The lies they told us in school

I don't remember much about my kindergarten experience, except that it wasn't really my thing. I never did like to draw, color, sing, or do any other fun stuff like that, and the parents always put me in morning kindergarten (back when it was only a half day), so I was never awake. Maybe another reason I didn't like it, but didn't realize it at the time, was the lie that was perpetrated for generations before me that Columbus sailing to the New World proved the Earth was round.

I still don't see any great reason to celebrate Columbus Day (except for the day off school of course; I'll never turn one of those down). He missed his target by 12,000 miles (not to mention a whole ocean), never actually landed on the mainland of either continent of the Americas, enslaved the natives, and due to his navigational prowess gave them a name that lasted for centuries: Indians. One thing he did not do, however, was prove the Earth wasn't flat.

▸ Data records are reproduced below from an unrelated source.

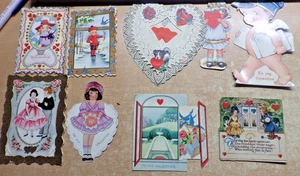LARGE LOT OF ANTIQUE VALENTINES DAY GREETING CARDS (25) DIE-CUT MECHANICAL MORE - Picture 1 of 5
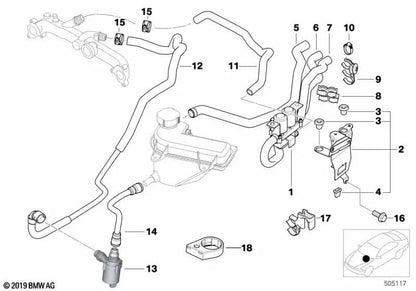 Tubo de válvula de agua de entrada del motor para BMW E53 (OEM 64218409062). Original BMW.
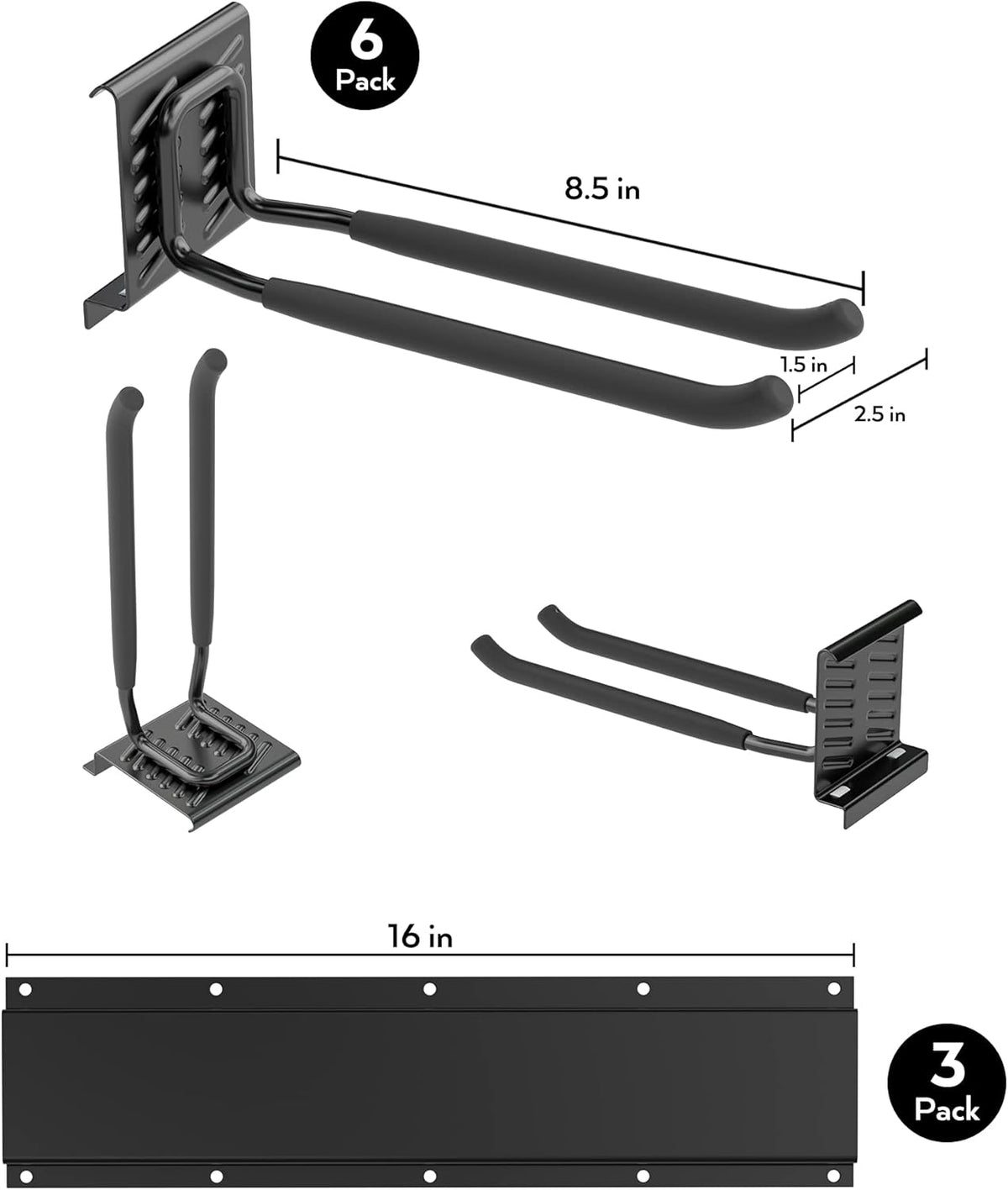 Heavy Duty Garage Storage Tool Organizer Wall Mount Rack with 6 Long Hooks, 48 Inch, Pack of 2 Y1274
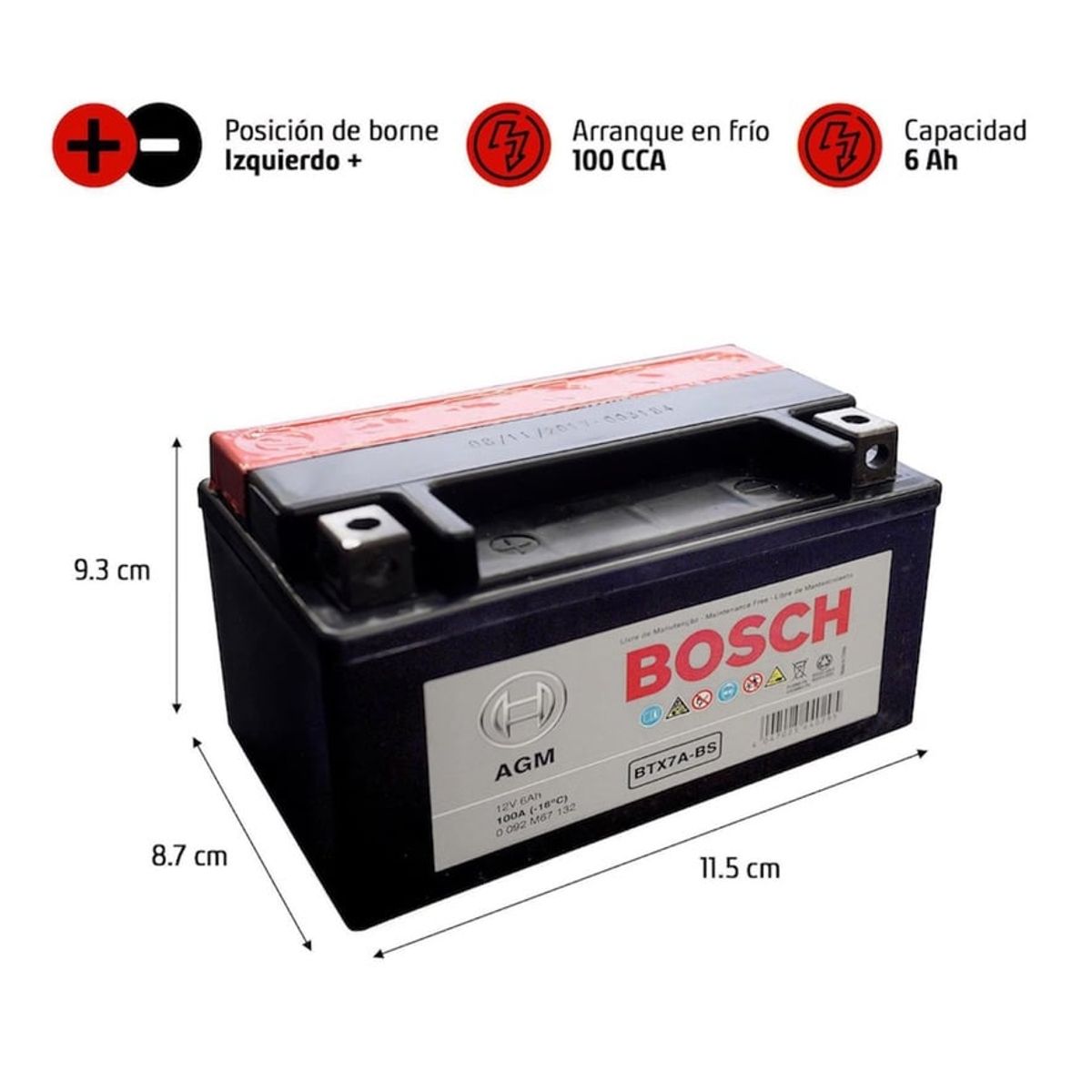 BOSCH - Batería de Moto Agm 6 Ah Positivo Izquierdo 100 CCA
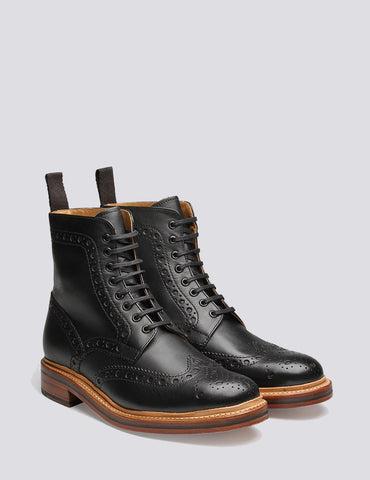 Grenson Fred Kalb Brogue Derby Boot - Schwarz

Granted I don't know the opinion of the common person, but it was a well-known fact among the scientific community that the world was nowhere near flat. A few indicators: when a ship sailed over the horizon, the hull disappeared before the sail. During an eclipse, the shadow of the Earth on the moon was clearly round. The north star Polaris is close to the horizon at the equator. Shadows don't all point in the same direction.

The shadows thingy mentioned above was actually used to calculated the circumference of the Earth by Eratosthenes some 200 years before the birth of Christ, and he got it pretty close (within 5%-15% depending on which definition of the stadion you go by). This measurement came several hundred years after Pythagoras and Plato had decided the Earth was round, although they didn't have any evidence besides their own reasoning).

I've asked around a bit, and most of my American students weren't taught that Columbus disproved the flat Earth. That means that somewhere in the ten years between my kindergarten experience and theirs, someone seems to have gotten their heads together and started teaching the truth, or at least not telling outright lies.